Всеобщий восторг еще более усилился, когда подошли к последней возвышенности, с которой теперь нужно было спускаться вниз до самого Иерусалима (Лк. 19, 37). Это было одно из лучших мест в окрестности — Иерусалим был виден, как на картине: справа, над ужасной бездной возвышался храм Иерусалимский и из-за многочисленных, сияющей белизны, мраморных столбов своих казался искусственной громадой льдов, с золотым куполом, от которого лучи полуденного солнца отражались, по замечанию Флавия, бесчисленными молниями. Наружное великолепие его живо напоминало счастливые времена Давида и Соломона, но он был уже окружен мерзостью запустения, которая вскоре должна была стать на месте святе. Украшенная орлами римскими крепость Антония, с ее огромной башней, господствуя над высотой храма, казалось, подчеркивала унижение, в котором находился народ Божий. Тут же являлась взору претория Пилатова; но дворцы первосвященников казались удаленными и были отделены от храма пропастями46, как бы в знак внутреннего удаления их обитателей от Бога отцов своих. Останки дворцов Давида и Соломона уже едва были заметны во множестве новых зданий. На фоне этих картин, каждая из которых приводила на память и древнюю славу, и настоящий позор отечества, — взоры всех невольно обращались на Иисуса, Который, видимо, нес с Собой Иерусалиму его прежнее святое величие. Надежда на славное царство Мессии, казалось, готова была сбыться. «Так, — думали люди, — Он примирит нас с Богом, раздраженным нашими неправдами! (Лк. 19, 38.) Он восставит царство праотца нашего Давида! (Мк. 11, 10.) Под сенью Его мы снова насладимся миром, не будем рабами язычников!» И полнота патриотических чувств снова выражалась в восклицаниях; со всех сторон сыпались ветви, цветы и одежды; чаще и громче раздавалось «осанна».

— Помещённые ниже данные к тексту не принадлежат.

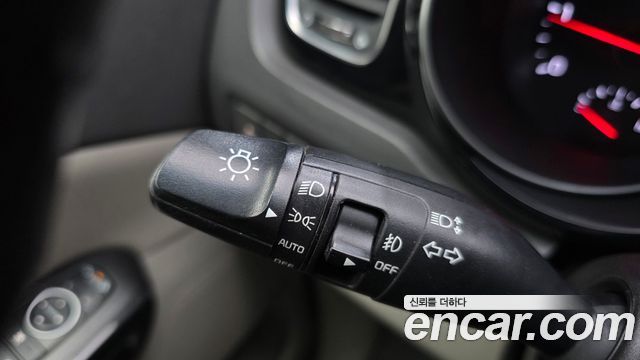 Kia Canival 2015 — photo 16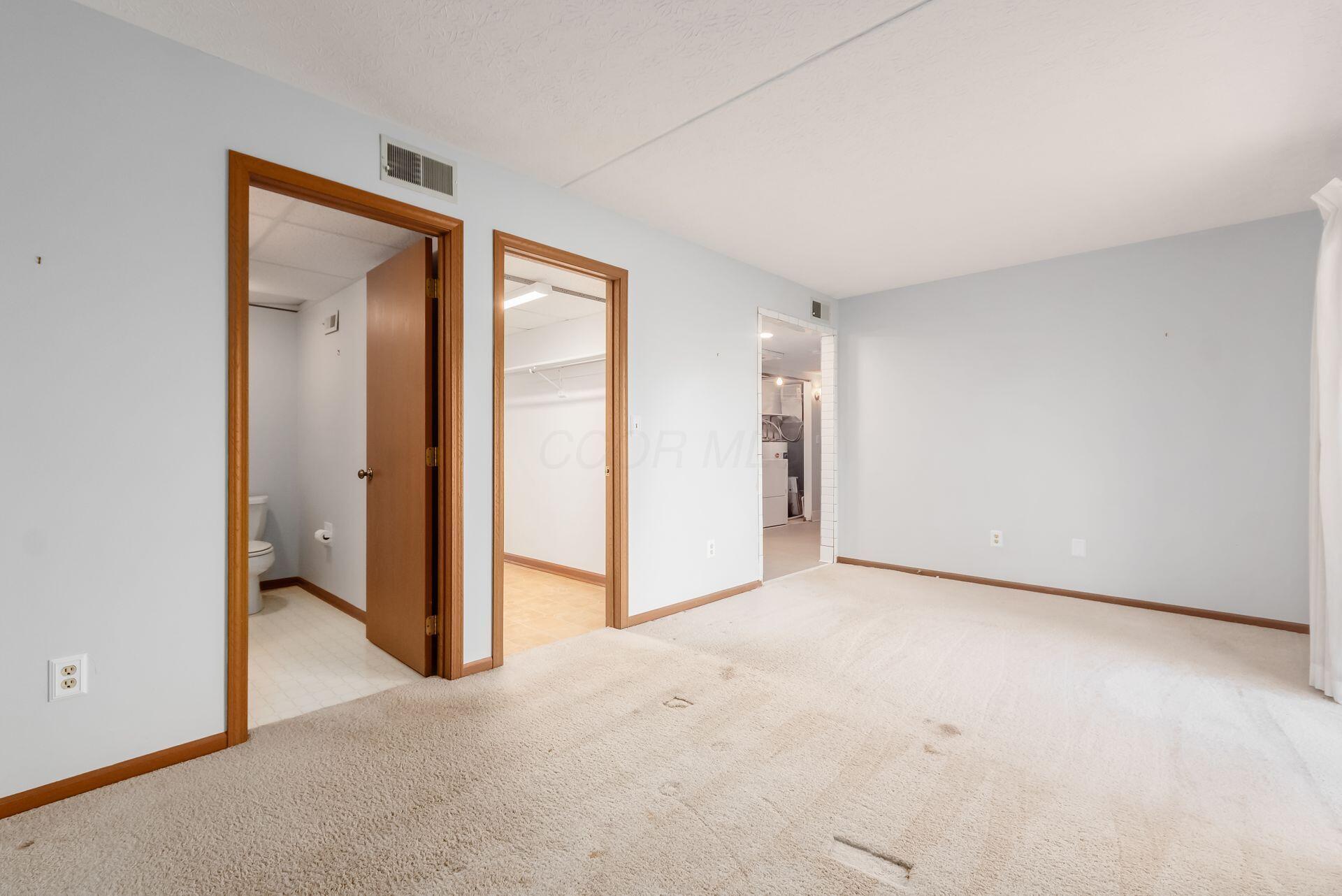 5885 Beechcroft Road, Unit 116 Columbus, OH 43229 - Photo 12 of 29 5885 Beechcroft Road 116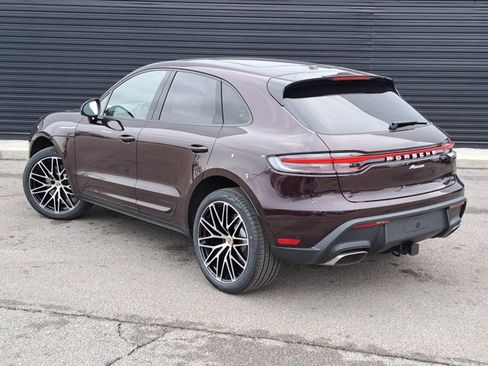 Used 2026 Porsche Macan AWD/4WD image 5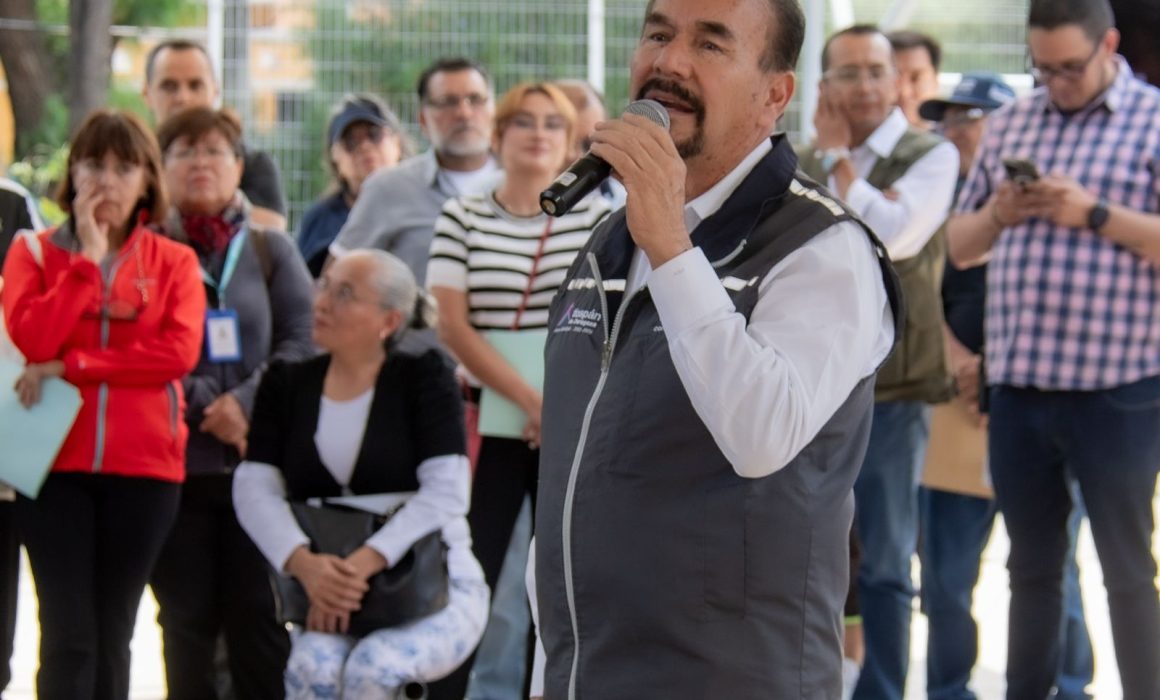 Pedro Rodríguez cambia el reglamento municipal de Atizapán para concentrar poder en sus decisiones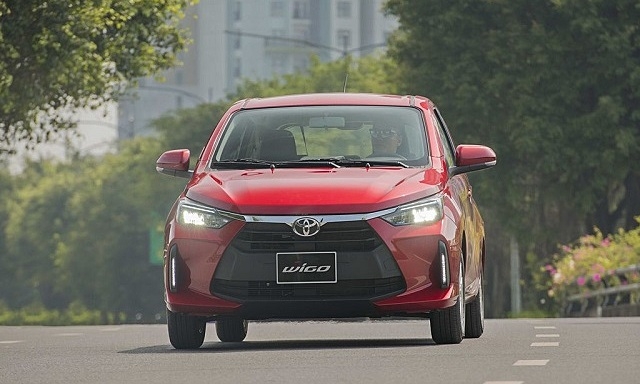 Mới lái, nên mua Toyota Wigo hay VinFast VF 3?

Господь не препятствовал этому искреннему и радостному излиянию чувств, происходящих из пламенной, хотя несколько мечтательной любви к Нему и отечеству, и считал это следствием не просто обыкновенного стечения обстоятельств, а тайных, давно предсказанных пророками распоряжений самого Промысла, который так обращал внимание Иерусалима и всего народа на пришедшего Мессию. Думая таким образом, Он не мог не принять глубокого и сердечного участия в том, что происходило вокруг Него.